Written by: Marci Gietl, CPA
Under the pass-through deduction implemented with Tax Cuts and Jobs Act (TCJA), eligible taxpayers could be entitled up to a 20% deduction of qualified business income (QBI). This article will address recent IRS guidance on this new deduction but please also refer to our previous article from January 2018 for more details.
The IRS has recently issued proposed regulations working to clarify components related to the pass through deduction. Part of the regulations clarify further what will or will not be considered as QBI in relation to gains and losses, reasonable compensation, guaranteed payments and other items. Additionally, if an individual or applicable pass-through entity conducts multiple trade or businesses directly, some items of QBI may be properly allocated across those multiple businesses. These proposed regs define that those items should be allocated in a reasonable manner that is consistently used from one tax year to the next; reasonable manner should be determined based on facts and circumstances.
The proposed regulations outline rules for how pass-through entities must provide the necessary information for their owners or beneficiaries to be able to determine QBI even though the pass through deduction isn’t claimed at the entity level.
Aggregation rules are included in the proposed regs as well. A taxpayer may, but are not required to, aggregate more than one trade or business and treat as a single trade or business for purposes of calculations related to the deduction if certain criteria are met. These criteria include, but are not limited to: more than 50% ownership in each aggregated business, none of the aggregated trade or businesses can be a specified service trade or business, and the aggregated businesses must meet two of three factors based on facts and circumstances.
The IRS has also issued Frequently Asked Questions (FAQs) in relation to the new deduction.
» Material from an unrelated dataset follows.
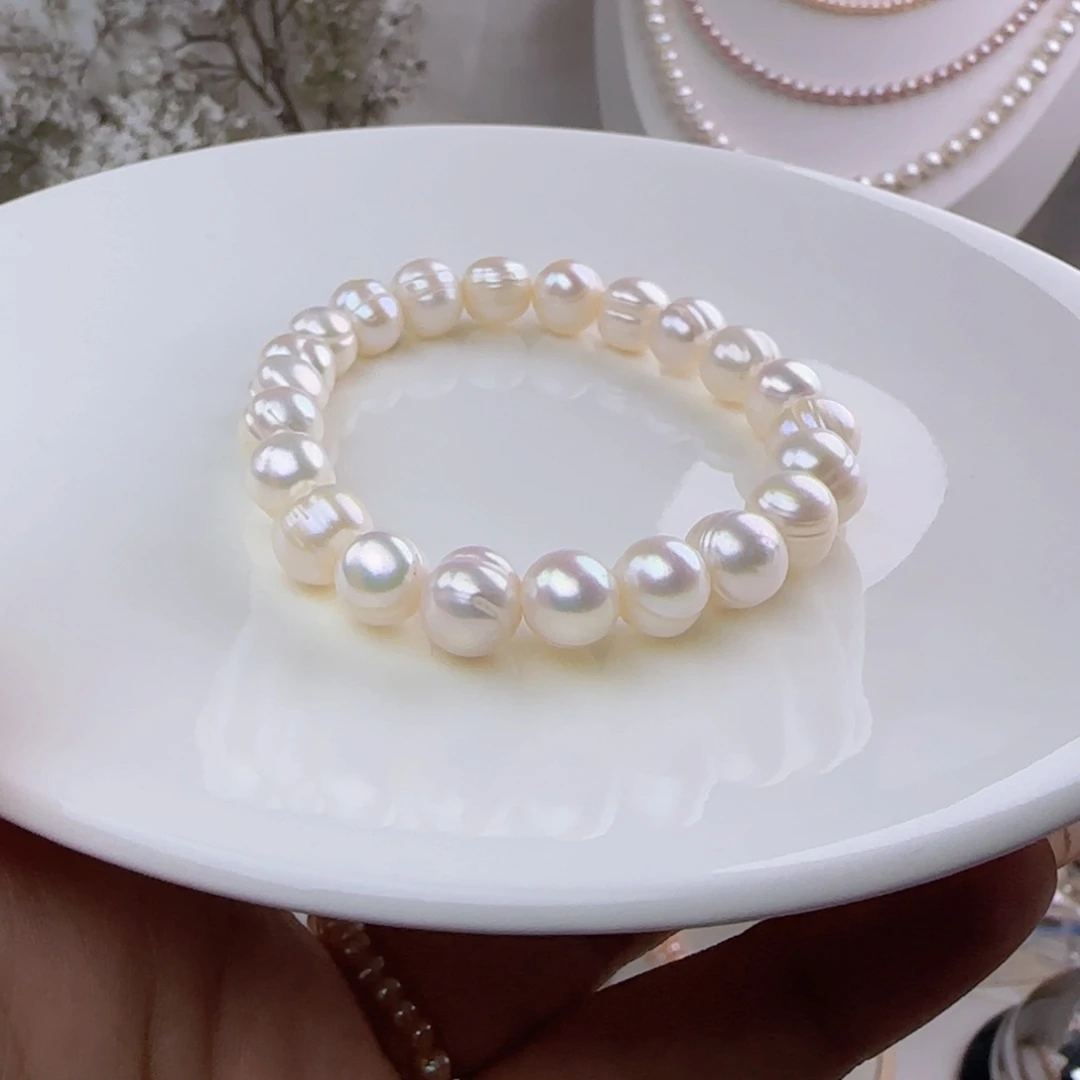 未镶嵌手绳淡水珍珠9-10mm微瑕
These questions cover basic definitions and scenarios related to the new pass-through deduction so if you would like to further discuss how the pass through deduction may relate specifically to your tax planning, please contact us.
Health Care Reform Bills
In July, the House passed a number of bills aimed at health care reform but which would also have tax impacts. Many of the bills involve the use of Health Savings Accounts (HSA) or affect individuals with HSAs or Flexible Spending Accounts. Other bills are aimed at reforming taxes and credits implemented from the Affordable Care Act’s mandates for health care coverage. Continued monitoring of these developing bills is needed but they could provide great tax planning opportunities.